こうした無責任な対応を見ていると、結局、日本政府は現地人のスタッフや日本の民間人なんて、どうなってもいいと考えているとしか思えない。
実際、オペレーションのお粗末さ以前に、日本の方針は人道や人権の観点から見てもありえないものだった。というのも共同通信によると、日本政府は民間NPOの現地スタッフも移送対象としたが、本人だけで家族の帯同を認めなかったというのだ。家族を置いていかなければならないとなったら、退避したくても退避できないだろう。
しかも、こうしたアフガニスタン人や民間の日本人置き去りの一方で、日本人の大使館員は17日の時点で、一足先に退避してしまっていた。カブールが陥落した15日、岡田隆アフガニスタン大使はすでにアフガニスタン国内にはおらず、日本人の駐アフガニスタン大使館員12人も17日に全員、英軍機で出国した。
これも、韓国との大きな違いだ。韓国の場合も、韓国人の駐アフガニスタン大使館員らは17日に一旦国外に退避している。しかし、このとき、韓国人の民間人全員をまず退避させており、自分たちは最後に退避。しかも、キム・イルウン参事官ら4人の韓国人外交官は22日に、アフガン人の脱出を支援するため、再びカブールに戻っている。

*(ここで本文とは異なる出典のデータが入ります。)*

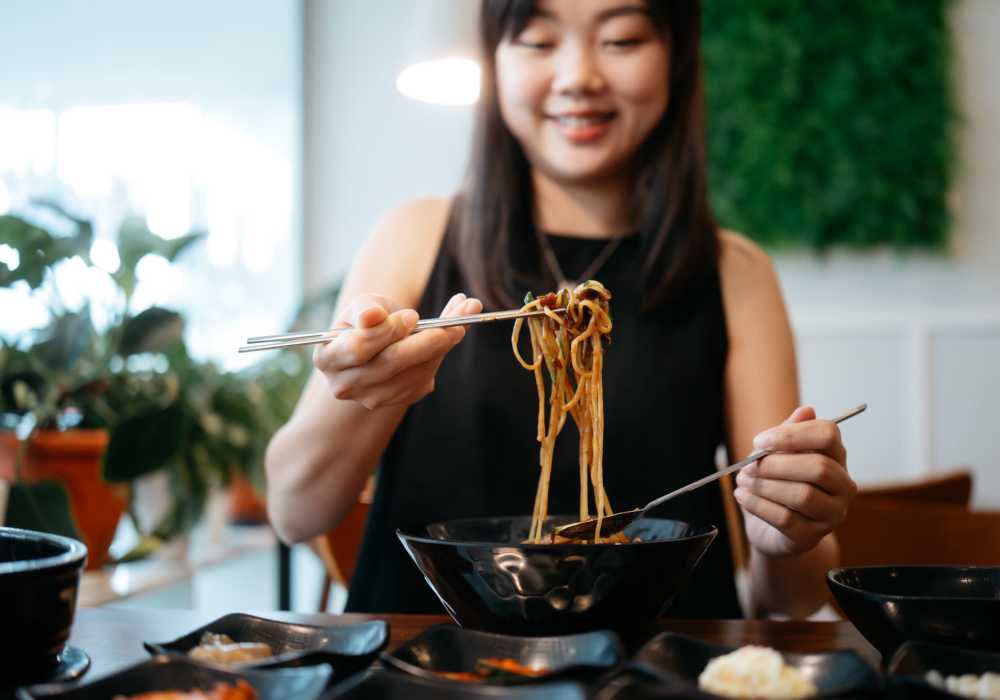 A women having her food at a restaurant near Main Street Apartments in Bensenville, Illinois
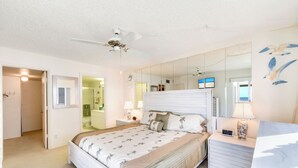Ein Schlafzimmer mit Bett, Nachttischen, einem Spiegel und einem Deckenventilator.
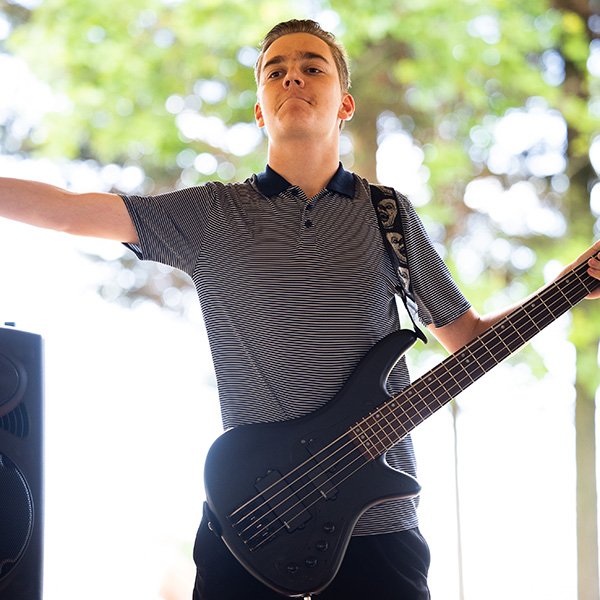 a man on stage with an electric guitar holds his arms out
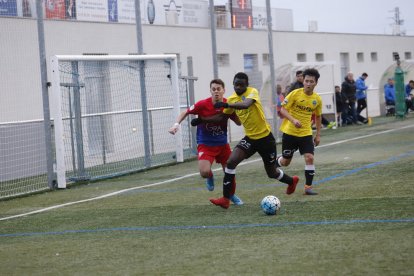 Un jugador del Lleida protegeix la bimba davant un jugador del Torrefarrera.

「Wow Korea」によると、 キム参事官は「アフガン人たちを韓国に移送しようとすれば、カブールに戻るしかなかった」と語ったというが、現地職員との連絡やバスの早期手配、タリバンとの交渉などは、彼らが現地に戻ったからこそ、できたのである。
一方、日本はどうか。日本の大使や外交官らはアフガン人スタッフや日本の民間人の退避支援を早々と放り出して、自分たちだけが逃げてしまったのである。これでは、いくら自衛隊機を投入したところで、スムーズな退避なんてできるはずがない。